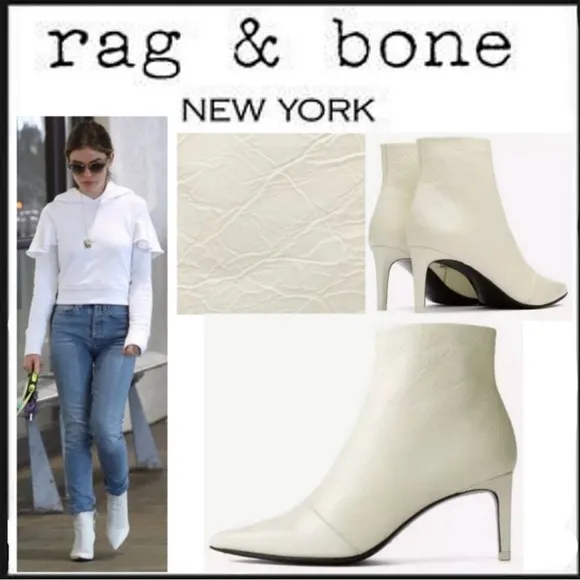 Rag &amp; Bone Beha Leather White Ankle Boot Size 8.5
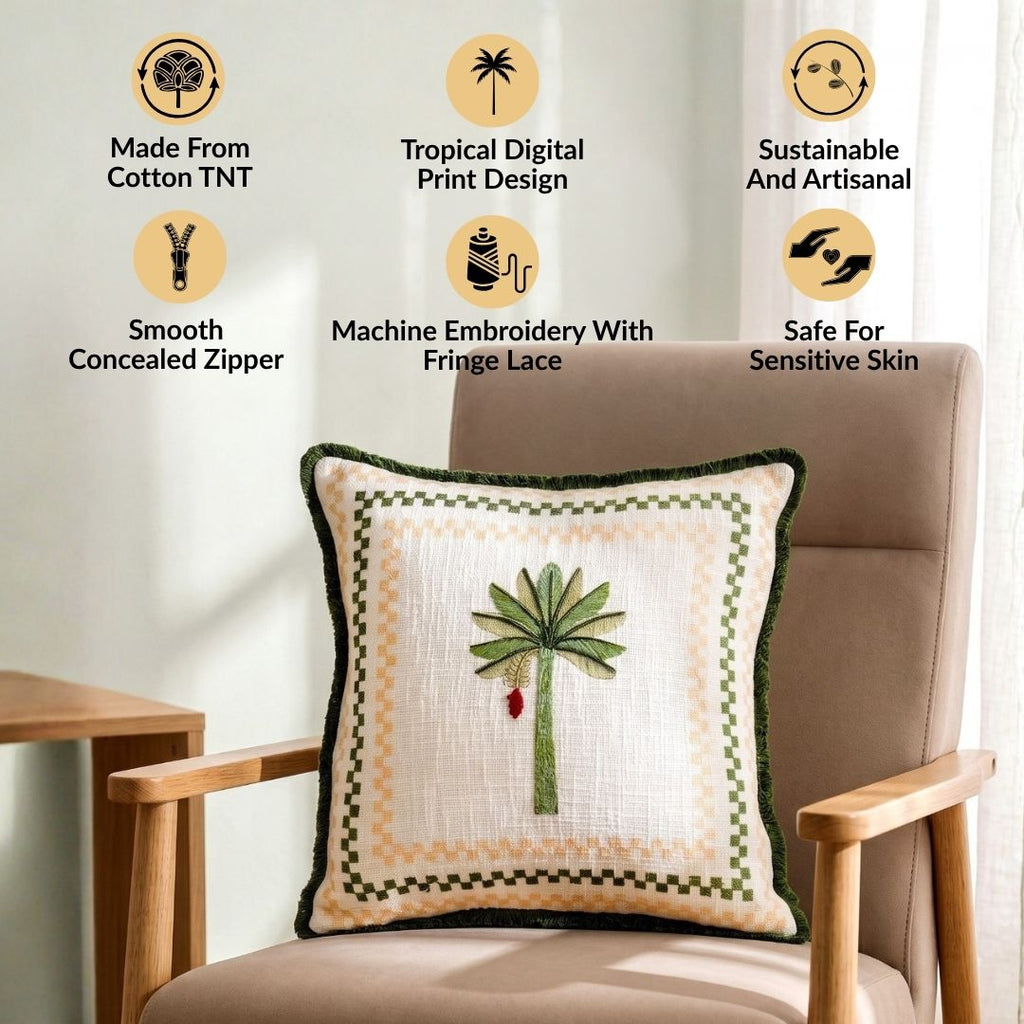 Island Plaid Cotton Embroidered Cushion Cover 40x40cm Nestasia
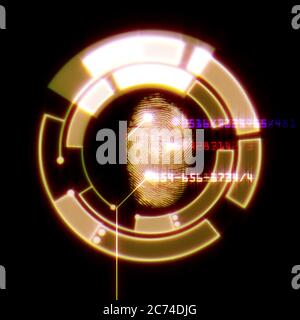 Système d'identification numérique par lecture d'empreintes digitales, illustration abstraite Banque D'Images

===

Would you provide an exact, picture-free copy of the data above?

 Rag &amp; Bone Beha Leather White Ankle Boot Size 8.5
 Island Plaid Cotton Embroidered Cushion Cover 40x40cm Nestasia
 Système d'identification numérique par lecture d'empreintes digitales, illustration abstraite Banque D'Images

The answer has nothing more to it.